# Bug Home Bag for Rural Transportation Driver



## TechAdmin (Oct 1, 2008)

*Food*: Canned meats/fish/fruits, granola bars, trail-mix...anything ready to eat, and means to procure wildlife.

*Drink*: Water bottles, filtration, Sawyer SP140 filter bottle.

*First Aid*: Relatively comprehensive, based on environment/potential hazards & back-up for group.

*Tools*: Leatherman Side-kick multi-tool, fire starter, foldable saw, knives.

*Maps and Travel Information*: State-wide topographic atlas, compass, altimeter.

*Clothing*: To augment daily wear/carry, seasonal.

*Communication*: Limited due to distance...cellular, weather-band.

*Lighting*: LED battery operated...multiple hand/clip & head lights.

*Shelter*: Heavy-weight poly tarp, 5 mummy bag, small fleece blanket, cordage.










*PACK DESCRIPTION*: Outdoor Products Stargazer 8.0 - 3,440 cubic inch capacity internal frame pack with 2 zippered horizontal front pockets; horizontal main compartment access zipper; top load capable, draw-string closure with expandable top; top cover with large zippered organizer pocket and 4 compression straps (expandable to fully-loaded pack plus additional external gear under cover); two semi-mesh side pouches for water bottles, etc; bottom pocket with front zipper; 4 bottom D-rings for external lashing; 2 front and 1 top compression straps for main compartment; padded, fully adjustable waist harness (wide) and shoulder harnesses, and fully adjustable sternum strap; padded/ventilated shoulder blade, center-spine and side back panels; strap management loops for excess shoulder and waist straps; a basic, simple, yet well-designed and inexpensive pack that fits my needs nicely.

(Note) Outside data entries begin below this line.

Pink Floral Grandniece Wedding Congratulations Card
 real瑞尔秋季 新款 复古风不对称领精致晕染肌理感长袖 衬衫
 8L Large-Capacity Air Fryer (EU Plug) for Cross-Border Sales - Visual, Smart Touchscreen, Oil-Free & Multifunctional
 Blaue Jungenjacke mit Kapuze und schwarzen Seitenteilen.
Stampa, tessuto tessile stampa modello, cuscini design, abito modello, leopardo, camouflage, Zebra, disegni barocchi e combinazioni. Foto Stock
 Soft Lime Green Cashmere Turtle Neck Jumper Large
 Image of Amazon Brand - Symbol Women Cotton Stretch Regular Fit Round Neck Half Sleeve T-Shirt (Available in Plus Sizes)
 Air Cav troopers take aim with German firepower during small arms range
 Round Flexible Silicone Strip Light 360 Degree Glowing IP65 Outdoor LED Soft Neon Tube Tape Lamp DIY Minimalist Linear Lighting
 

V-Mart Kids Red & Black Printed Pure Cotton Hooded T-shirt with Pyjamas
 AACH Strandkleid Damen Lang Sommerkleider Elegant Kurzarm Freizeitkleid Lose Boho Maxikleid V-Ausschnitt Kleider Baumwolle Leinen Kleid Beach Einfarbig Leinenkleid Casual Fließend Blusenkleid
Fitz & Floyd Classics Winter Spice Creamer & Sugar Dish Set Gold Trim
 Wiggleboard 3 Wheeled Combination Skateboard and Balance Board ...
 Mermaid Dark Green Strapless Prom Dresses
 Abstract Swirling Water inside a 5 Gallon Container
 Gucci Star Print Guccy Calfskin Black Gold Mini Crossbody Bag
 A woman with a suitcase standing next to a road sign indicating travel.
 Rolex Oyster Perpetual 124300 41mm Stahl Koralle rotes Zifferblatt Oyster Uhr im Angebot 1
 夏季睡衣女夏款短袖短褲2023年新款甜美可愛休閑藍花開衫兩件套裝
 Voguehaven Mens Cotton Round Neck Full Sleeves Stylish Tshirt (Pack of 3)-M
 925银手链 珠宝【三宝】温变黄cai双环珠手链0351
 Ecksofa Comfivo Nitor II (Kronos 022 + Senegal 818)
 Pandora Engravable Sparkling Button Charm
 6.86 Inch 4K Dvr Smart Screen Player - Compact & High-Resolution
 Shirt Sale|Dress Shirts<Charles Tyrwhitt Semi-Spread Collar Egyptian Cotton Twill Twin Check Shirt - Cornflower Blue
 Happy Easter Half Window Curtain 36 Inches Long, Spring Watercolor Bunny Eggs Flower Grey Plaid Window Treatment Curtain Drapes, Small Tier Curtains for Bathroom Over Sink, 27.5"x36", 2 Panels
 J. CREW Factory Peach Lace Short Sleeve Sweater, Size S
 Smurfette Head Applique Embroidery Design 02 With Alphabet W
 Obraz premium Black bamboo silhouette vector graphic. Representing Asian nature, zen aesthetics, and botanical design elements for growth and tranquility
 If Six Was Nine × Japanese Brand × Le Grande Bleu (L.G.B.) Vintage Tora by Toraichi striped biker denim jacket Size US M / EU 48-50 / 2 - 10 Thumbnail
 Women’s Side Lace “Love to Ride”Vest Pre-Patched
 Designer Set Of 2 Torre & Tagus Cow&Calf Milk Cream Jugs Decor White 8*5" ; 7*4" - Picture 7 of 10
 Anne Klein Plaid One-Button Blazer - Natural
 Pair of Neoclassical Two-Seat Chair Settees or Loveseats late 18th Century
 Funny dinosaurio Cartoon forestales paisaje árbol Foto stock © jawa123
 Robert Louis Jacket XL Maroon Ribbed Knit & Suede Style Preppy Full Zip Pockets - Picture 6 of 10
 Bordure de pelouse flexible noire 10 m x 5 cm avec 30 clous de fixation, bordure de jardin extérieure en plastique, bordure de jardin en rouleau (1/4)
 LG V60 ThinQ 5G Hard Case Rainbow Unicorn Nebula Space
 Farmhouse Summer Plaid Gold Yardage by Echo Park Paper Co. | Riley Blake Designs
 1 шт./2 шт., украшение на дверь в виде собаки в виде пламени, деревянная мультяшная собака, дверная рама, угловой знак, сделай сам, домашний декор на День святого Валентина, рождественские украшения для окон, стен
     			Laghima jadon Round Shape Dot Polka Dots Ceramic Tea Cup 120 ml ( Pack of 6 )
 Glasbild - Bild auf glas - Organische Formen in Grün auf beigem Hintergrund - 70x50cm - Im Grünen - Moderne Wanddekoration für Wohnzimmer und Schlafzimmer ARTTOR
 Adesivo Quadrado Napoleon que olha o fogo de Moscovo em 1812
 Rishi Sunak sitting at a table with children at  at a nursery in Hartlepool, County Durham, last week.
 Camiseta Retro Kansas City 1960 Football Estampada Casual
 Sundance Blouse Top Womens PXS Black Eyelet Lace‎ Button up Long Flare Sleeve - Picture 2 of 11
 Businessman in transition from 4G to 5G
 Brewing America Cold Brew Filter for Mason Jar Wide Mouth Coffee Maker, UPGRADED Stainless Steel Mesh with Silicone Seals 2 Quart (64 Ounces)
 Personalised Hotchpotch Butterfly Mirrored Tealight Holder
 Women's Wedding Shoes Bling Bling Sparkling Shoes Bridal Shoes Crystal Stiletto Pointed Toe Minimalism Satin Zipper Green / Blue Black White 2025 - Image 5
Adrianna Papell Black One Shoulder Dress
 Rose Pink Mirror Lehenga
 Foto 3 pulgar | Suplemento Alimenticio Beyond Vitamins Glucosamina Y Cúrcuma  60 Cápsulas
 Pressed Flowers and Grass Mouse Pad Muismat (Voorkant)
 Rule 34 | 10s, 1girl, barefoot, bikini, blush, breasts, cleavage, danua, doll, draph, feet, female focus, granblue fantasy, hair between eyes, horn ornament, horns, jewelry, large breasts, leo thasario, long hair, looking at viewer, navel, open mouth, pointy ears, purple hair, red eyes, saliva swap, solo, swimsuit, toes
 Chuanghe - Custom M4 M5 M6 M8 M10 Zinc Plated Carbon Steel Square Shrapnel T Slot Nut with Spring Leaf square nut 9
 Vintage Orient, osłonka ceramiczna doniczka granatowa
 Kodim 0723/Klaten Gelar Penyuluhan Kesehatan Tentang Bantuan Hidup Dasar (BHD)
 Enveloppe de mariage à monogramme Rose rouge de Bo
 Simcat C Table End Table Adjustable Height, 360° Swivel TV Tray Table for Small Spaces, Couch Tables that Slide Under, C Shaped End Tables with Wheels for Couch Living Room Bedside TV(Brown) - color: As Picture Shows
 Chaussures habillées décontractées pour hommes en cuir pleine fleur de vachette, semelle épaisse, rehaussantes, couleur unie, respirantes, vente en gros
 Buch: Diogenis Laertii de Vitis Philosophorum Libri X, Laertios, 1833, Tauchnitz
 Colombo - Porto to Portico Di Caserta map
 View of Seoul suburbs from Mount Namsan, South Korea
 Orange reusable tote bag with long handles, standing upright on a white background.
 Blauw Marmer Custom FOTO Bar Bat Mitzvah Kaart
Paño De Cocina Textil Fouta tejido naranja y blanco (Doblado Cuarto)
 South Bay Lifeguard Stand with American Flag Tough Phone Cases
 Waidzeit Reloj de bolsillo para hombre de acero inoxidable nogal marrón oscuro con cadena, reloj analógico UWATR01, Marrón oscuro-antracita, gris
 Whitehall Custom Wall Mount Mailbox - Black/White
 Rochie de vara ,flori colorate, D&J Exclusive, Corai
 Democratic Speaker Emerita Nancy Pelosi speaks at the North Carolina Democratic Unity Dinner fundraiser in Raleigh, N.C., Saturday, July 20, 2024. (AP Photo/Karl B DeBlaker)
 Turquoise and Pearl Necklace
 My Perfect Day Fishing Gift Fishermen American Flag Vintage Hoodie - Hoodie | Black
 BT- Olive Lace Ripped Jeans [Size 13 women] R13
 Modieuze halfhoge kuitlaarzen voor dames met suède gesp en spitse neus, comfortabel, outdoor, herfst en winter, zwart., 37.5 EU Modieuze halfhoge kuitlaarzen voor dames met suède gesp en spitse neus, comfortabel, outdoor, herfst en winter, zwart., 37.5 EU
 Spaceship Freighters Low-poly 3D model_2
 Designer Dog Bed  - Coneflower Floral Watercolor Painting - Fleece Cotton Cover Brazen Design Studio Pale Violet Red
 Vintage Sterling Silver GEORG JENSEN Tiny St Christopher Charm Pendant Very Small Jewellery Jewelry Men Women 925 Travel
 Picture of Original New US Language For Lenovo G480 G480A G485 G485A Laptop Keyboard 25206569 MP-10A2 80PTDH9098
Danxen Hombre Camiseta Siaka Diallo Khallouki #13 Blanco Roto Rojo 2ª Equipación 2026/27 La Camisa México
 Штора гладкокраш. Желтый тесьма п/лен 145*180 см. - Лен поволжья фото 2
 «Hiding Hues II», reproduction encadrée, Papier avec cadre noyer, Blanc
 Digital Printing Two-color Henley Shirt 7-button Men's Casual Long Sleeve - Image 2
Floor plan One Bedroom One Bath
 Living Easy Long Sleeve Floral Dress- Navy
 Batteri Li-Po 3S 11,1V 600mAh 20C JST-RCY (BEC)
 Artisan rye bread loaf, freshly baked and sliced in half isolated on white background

*Total pack weight, minus food/water*: 28lb-11.8oz, as pictured with approx 1/2 my desired amount of food and 4-1 Liter water bottles approx 50lbs. Anticipated fully loaded weight approx 55-58 lbs. The pack still has top expansion of approx 4-5\", and the top cover can be raised approx 12\" above it\'s current height for more semi-external gear...plenty of carry space.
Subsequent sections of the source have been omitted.